Set down each line of the material that follows, exactly, with no pictures.
·····
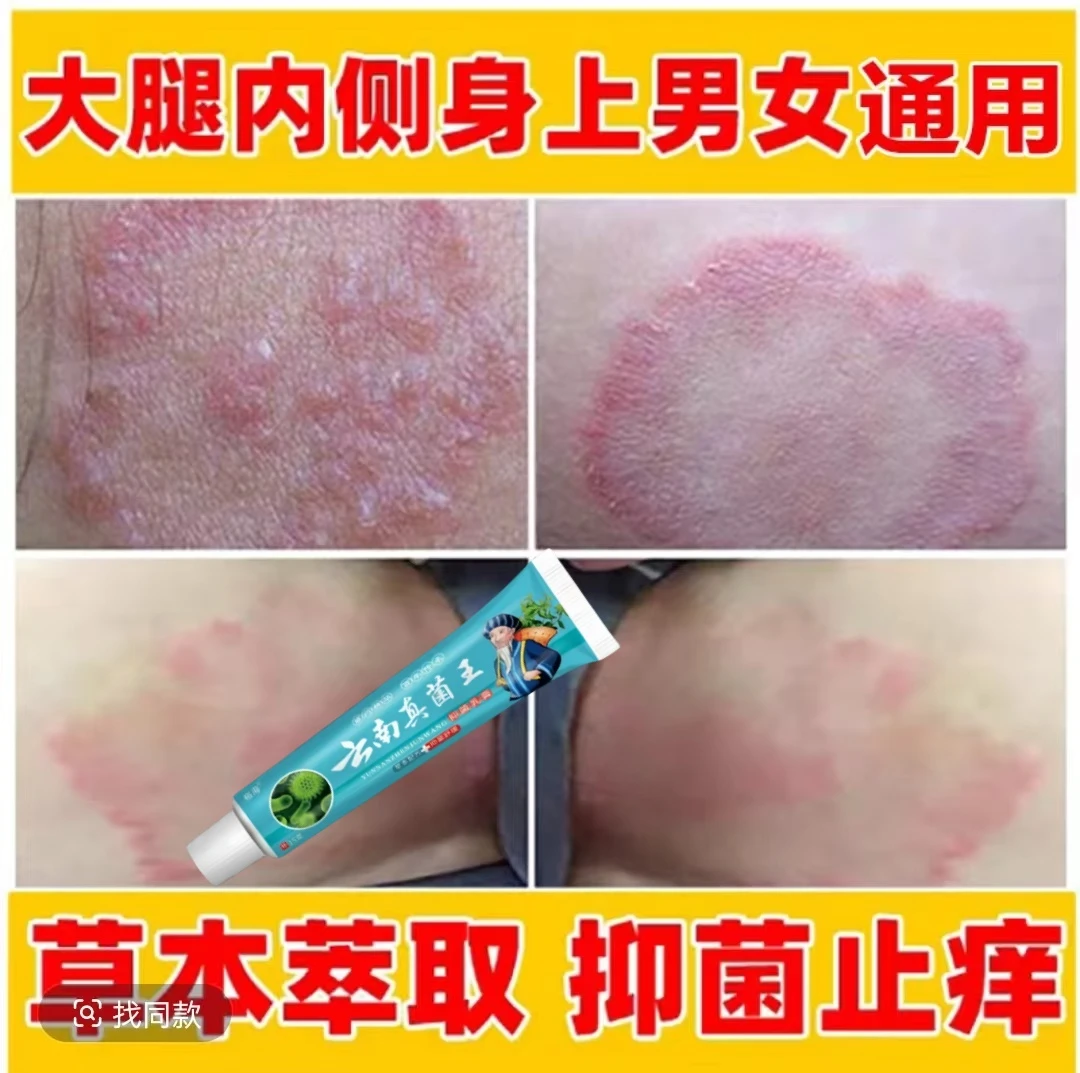 大腿内侧瘙痒越抓越痒大腿和睾丸夹缝处潮湿异味外用止痒抑菌软膏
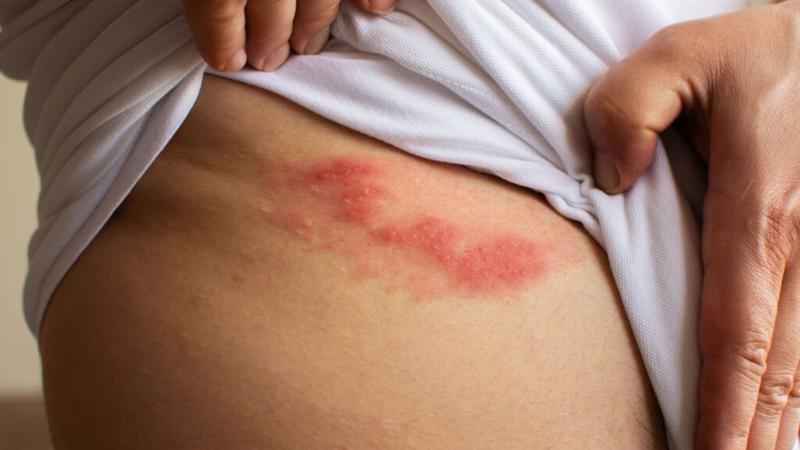 Đáng sợ cơn đau dai dẳng sau khỏi bệnh “giời leo”- Ảnh 1.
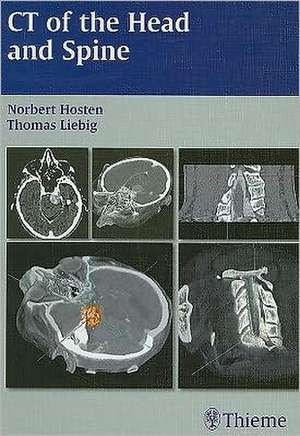 CT of the Head and Spine de Norbert Hosten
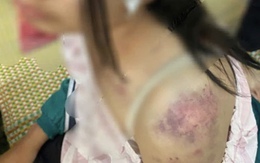 Góc pháp lý vụ bà nội bạo hành cháu gái ở Thái Nguyên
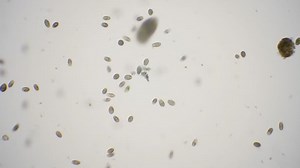 Pond life under the microscope in 4k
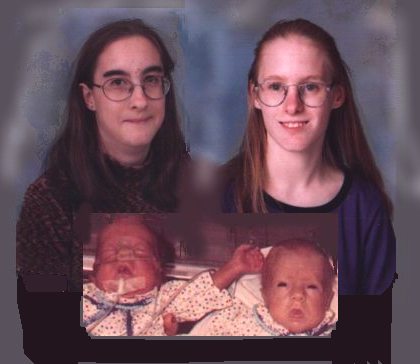 preemies as babies and then teens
·····
● **Output below**:
 大腿内侧瘙痒越抓越痒大腿和睾丸夹缝处潮湿异味外用止痒抑菌软膏
 Đáng sợ cơn đau dai dẳng sau khỏi bệnh “giời leo”- Ảnh 1.
 CT of the Head and Spine de Norbert Hosten
 Góc pháp lý vụ bà nội bạo hành cháu gái ở Thái Nguyên
 Pond life under the microscope in 4k
 preemies as babies and then teens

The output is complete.